Friday, July 29, 2011

BLS Prof Nominated to Court of Appeals

President Obama has nominated Brooklyn Law School Adjunct Professor of Law Judge Evan J. Wallach to the United States Court of Appeals for the Federal Circuit. Judge Wallach has been a judge on the United States Court of International Trade since 1995. A press release from the White House says “Judge Wallach has distinguished himself throughout his legal career in both the public and private sectors. He possesses a keen intellect and a commitment to fairness and integrity that will serve him well as a judge on the Federal Circuit.”

Judge Wallach has been an adjunct law professor on the law of war at numerous institutions, including Brooklyn Law School and New York Law School, since 1997. He has published a number of articles, including Drop by Drop: Forgetting the History of Water Torture in U.S. Courts, 45 Colum.
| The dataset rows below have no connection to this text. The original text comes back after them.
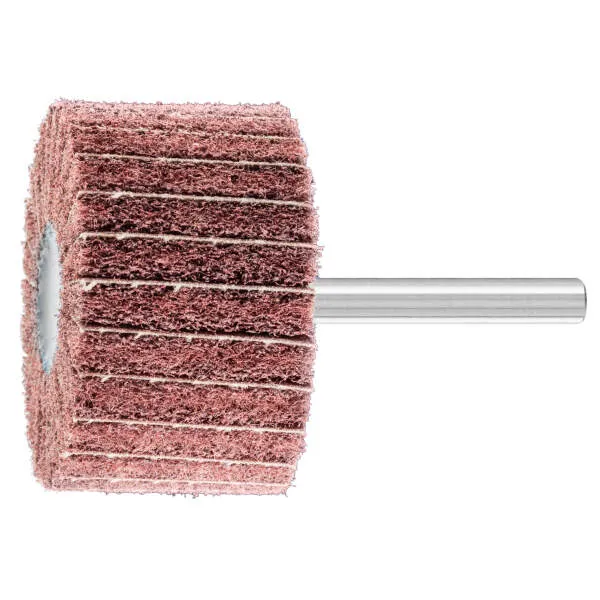 Mole con gambo Polinox® PNZ 5030/6 A 180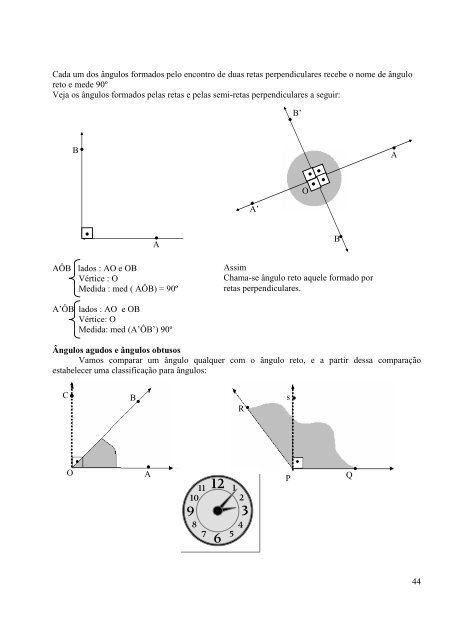 Apostila Matematica - Concursos - Ensino Fundamental ... - Webnode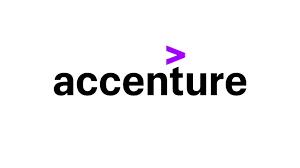 Accenture Hiring 2024 & 2023 Batch | BCA, B.Sc, M.Sc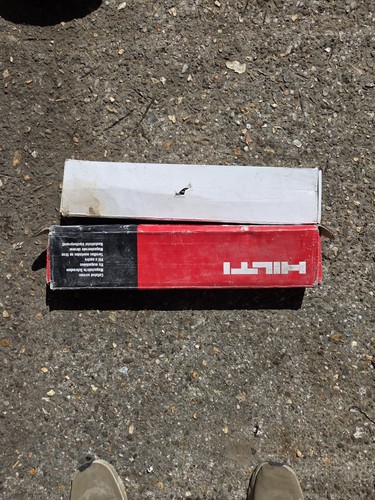 Collated drywall screws x - collated,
J. Transnat'l L. 468 (2006-2007) and The Procedural and Evidentiary Rules of the Post World War II War Crimes Trials: Did They Provide an Outline for International Legal Procedure? 37 The Columbia Journal of Transnational Law 851.

In 1976, after completing law school, Judge Wallach joined the law firm of Lionel Sawyer & Collins in Las Vegas as a litigation associate, becoming a partner in 1983. He took a leave of absence from the firm from 1980 to 1981 to study at Cambridge in the United Kingdom, and then another leave of absence from 1987 to 1988 to serve as general counsel and public policy advisor to Senator Harry Reid. From 1989 to 1995, Judge Wallach served in the Nevada Army National Guard as an attorney-advisor, providing legal counsel for his brigade’s commanders and all brigade personnel. In 1991, he entered active service during the Persian Gulf War, serving as an attorney-advisor in the International Affairs Division of the Office of the Judge Advocate General of the Army at the Pentagon. Judge Wallach was appointed to the Court of International Trade in 1995. Since that time, he has presided over more than 230 cases to verdict or judgment addressing questions of international trade and customs law. He has also frequently sat by designation on several federal trials and appellate courts, hearing more than 80 cases on the Courts of Appeals for the Second, Third, and Ninth Circuits.